Ministros da Child Evangelism Fellowship (CEF), uma das principais organizações de evangelismo infantil do mundo, continuam levando Jesus a crianças no Oriente Médio, mesmo em meio a guerra atual.
Segundo a CBN News, os evangelistas estão enfrentando os perigos do conflito para pregar a crianças que ainda não conhecem o Evangelho.
"Eu estava conversando com Saide, que é nossa líder no Líbano e ela disse: 'A situação está difícil no momento. Bombas estão perto da minha casa, mas ainda estamos oferecendo nosso ministério'", contou Sam Rejoy, diretor do CEF no Oriente Médio, à CBN News.
“Nossa líder do Irã, que é refugiada em outro país, está tão animada com o que está acontecendo porque acredita que Deus está fazendo isso para que seu povo possa ouvir o Evangelho”, acrescentou.
E destacou: “Você pode ver os nossos trabalhadores saindo, mesmo com mísseis voando ao redor, e eles ainda estão se preparando para o ministério".
O líder explicou que o trabalho da missão se tornou ainda mais urgente na região afetada por conflitos. A equipe evangeliza até mesmo em campos de deslocados.
"Dois bilhões de crianças ao redor do mundo precisam ouvir o Evangelho e destes, cerca de 40% vivem no Oriente Médio. E a questão é, como diz a Bíblia 'Como eles ouvirão o Evangelho se alguém não for?'", explicou Sam.

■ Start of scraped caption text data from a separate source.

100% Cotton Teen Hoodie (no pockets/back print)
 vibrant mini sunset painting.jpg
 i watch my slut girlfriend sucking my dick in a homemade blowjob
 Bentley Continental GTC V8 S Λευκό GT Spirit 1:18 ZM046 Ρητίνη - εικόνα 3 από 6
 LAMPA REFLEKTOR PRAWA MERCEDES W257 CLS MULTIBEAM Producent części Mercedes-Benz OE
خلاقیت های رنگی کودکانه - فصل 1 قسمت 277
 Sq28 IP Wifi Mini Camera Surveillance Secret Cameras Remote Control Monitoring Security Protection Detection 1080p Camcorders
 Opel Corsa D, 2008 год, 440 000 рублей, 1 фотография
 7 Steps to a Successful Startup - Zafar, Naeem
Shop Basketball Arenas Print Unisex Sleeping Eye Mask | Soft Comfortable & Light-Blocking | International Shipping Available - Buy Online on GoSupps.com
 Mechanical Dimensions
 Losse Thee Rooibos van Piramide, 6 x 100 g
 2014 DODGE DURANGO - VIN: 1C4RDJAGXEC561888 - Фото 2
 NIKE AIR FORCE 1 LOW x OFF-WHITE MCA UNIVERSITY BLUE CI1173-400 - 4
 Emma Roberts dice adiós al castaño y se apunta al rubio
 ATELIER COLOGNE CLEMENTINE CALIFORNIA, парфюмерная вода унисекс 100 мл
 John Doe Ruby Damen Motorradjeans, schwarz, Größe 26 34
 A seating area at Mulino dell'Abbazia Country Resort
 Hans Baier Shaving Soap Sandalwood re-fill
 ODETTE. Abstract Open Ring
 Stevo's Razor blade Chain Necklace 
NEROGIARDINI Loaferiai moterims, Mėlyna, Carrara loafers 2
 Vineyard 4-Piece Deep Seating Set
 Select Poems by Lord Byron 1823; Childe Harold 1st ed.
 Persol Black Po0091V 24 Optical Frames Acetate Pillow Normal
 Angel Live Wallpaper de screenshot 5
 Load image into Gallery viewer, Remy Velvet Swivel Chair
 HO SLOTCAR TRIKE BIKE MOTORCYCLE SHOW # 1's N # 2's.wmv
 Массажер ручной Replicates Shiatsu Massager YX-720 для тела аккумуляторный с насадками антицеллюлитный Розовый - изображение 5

A CEF evangeliza as crianças através dos Clubes de Boas Novas, que são encontros evangelísticos adaptados para a realidade local, feitos em casas, quintais, escolas e centros comunitários. A missão também usa a internet para alcançar o público infantil no Oriente Médio.
Enfrentando perseguição
Na região hostil ao cristianismo, os evangelistas da CEF enfrentam restrições e perseguição para levar as Boas Novas.
"A guerra pode ser algo novo na região agora, mas nossos trabalhadores e voluntários já enfrentaram muita oposição e desafios. Muitas vezes enfrentam ataques pessoais ou são proibidos de compartilhar publicamente o Evangelho", pontuou Sam.
Mesmo enfrentando dificuldades, o trabalho missionário tem dado muitos frutos. “Tinha um garotinho de 11 anos cuja família foi baleada bem na frente dele, e ele escapou. Seu avô o levou para um campo de refugiados e nossos trabalhadores o encontraram e compartilharam o Evangelho com ele e continuam ministrando a ele por todo o trauma psicológico que passou”, afirmou o líder.